Paylaşmak, güvenmek, inanmak..
Fedakarlık, cesaret, kararlılık...
Peki Sevgililer Günü?..
İnsanlara sevginin önemini hatırlatan, duyguları teşvik eden, kırılganlıkları ortadan kaldırmaya yarayan, affetmek için fırsat yaratan bir gündür...
Bazı insanlar çok katı bir duruş sergileyerek hayatlarında ‘sevgili’ olmadığını söyleseler bile inandırıcı olamazlar...
Çünkü; hiç kimse sevgisiz yaşayamaz...
Karşı cinsten biri olmasa bile, çevresinde sevebileceği bir kişi mutlaka vardır...

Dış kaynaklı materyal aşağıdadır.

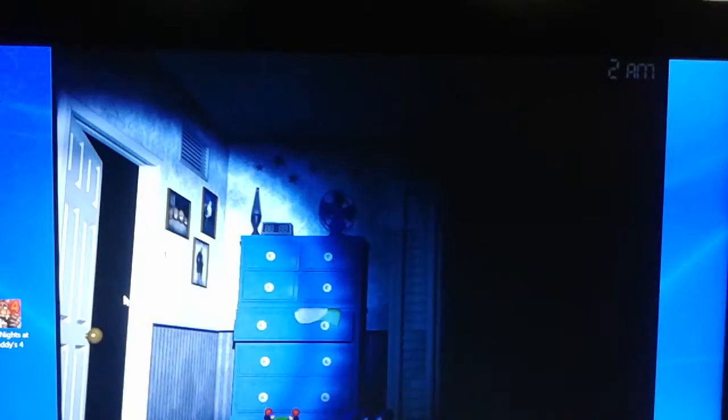This is Lokes254 here with another Five Nights at Freddy's 4 episode. We just skipped two hours on the second night because we won Fun with Plushtrap.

Sevmenin sınırı da yoktur...
Birden fazla ‘sevgili’ olabilir mi?..
KIBRIS’ın bugünkü magazin sayfalarında bazı ünlülerin ‘sevgi’ üzerine düşüncelerini okuyacaksınız...

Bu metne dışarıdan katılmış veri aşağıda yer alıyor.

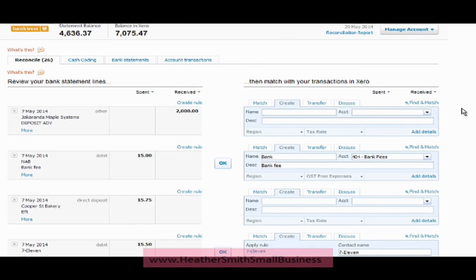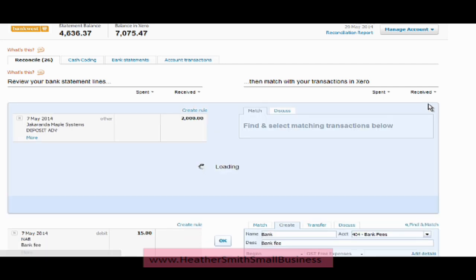I'm here in Xero in the reconciliation area, and on the left hand side I've received $2,000 from Jacaranda Maple Systems. So what I would do is go and have a look at the invoice that I can apply that against. I come over to the right hand side here and click on find and match.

Bir kısmı “insan sadece bir kişiyi sevebilir” diyor...
Bir kısmı da ‘birden fazla’ sevgili olabileceğini söylüyor!..
Herkesin ‘yeri’ ve ‘önemi’ ayrı değil mi?..
“İnsan sadece bir kişiyi sevebilir” düşüncesi ne kadar doğrudur?..
Veya bu şekilde konuşanlar ne kadar samimidir?..
Bizim gibi küçük toplumlarda genellikle duygu ve düşünceleri saklamak bir yaşam tarzıdır...
En yakın olduğu insana, genellikle de eşlere güven verebilmek için “birden fazla kişi sevilmez” derler...
Bir ölçüde, evli oldukları veya birlikte çıktıkları insana “tek sen varsın” diyebilmek ve gönül almak için böyle davranırlar...
Peki doğru olan hangisidir?..
Gerçekçi olmak ve konuşmak mı?..
İtiraf etmek mi; yoksa parmağın arkasına saklanmak mı?..
Geçelim bu konuyu...
Herkesin yaşam tarzına, duygu ve düşüncelerine saygı duymak gerekiyor...
Bugün, 14 Şubat Sevgililer Günü…
Milyonlarca insan ‘sevgisini ispat etmek için’ çırpınıyordur…
Sevgiyi ispatlamak için hediye almanın sınırı yoktur…
İmkan olsa, dağlar, taşlar, ovalar bayırlar…
En lüks villalar, en pahalı pırlantalar, en lüks arabalar, en seçme orkideler, gül bahçeleri o’nundur…
Sevgili için ne yapılsa azdır..
Ama hediye almayanlar sakın üzülmesinler...
Sürpriz hediyelerle gözü, kaşı boyananlar da ‘çok sevildiklerini’ düşünmesinler...
Duygular her zaman açığa çıkmıyor...
Bazı kişiler duygularını saklamayı tercih ediyor ve karşısındaki insanın bunu fark edebileceğini düşünüyor...
“Yaptıklarımdan, ettiklerimden anlaşılmıyor mu?” düşüncesinde olanlara zorla “seviyorum” dedirtemezsiniz...
O’nun beklentisi anlaşılmaktır...
Anlaşılırsa ne ala...
Anlaşılmazsa tek seçenek kalır: Elveda!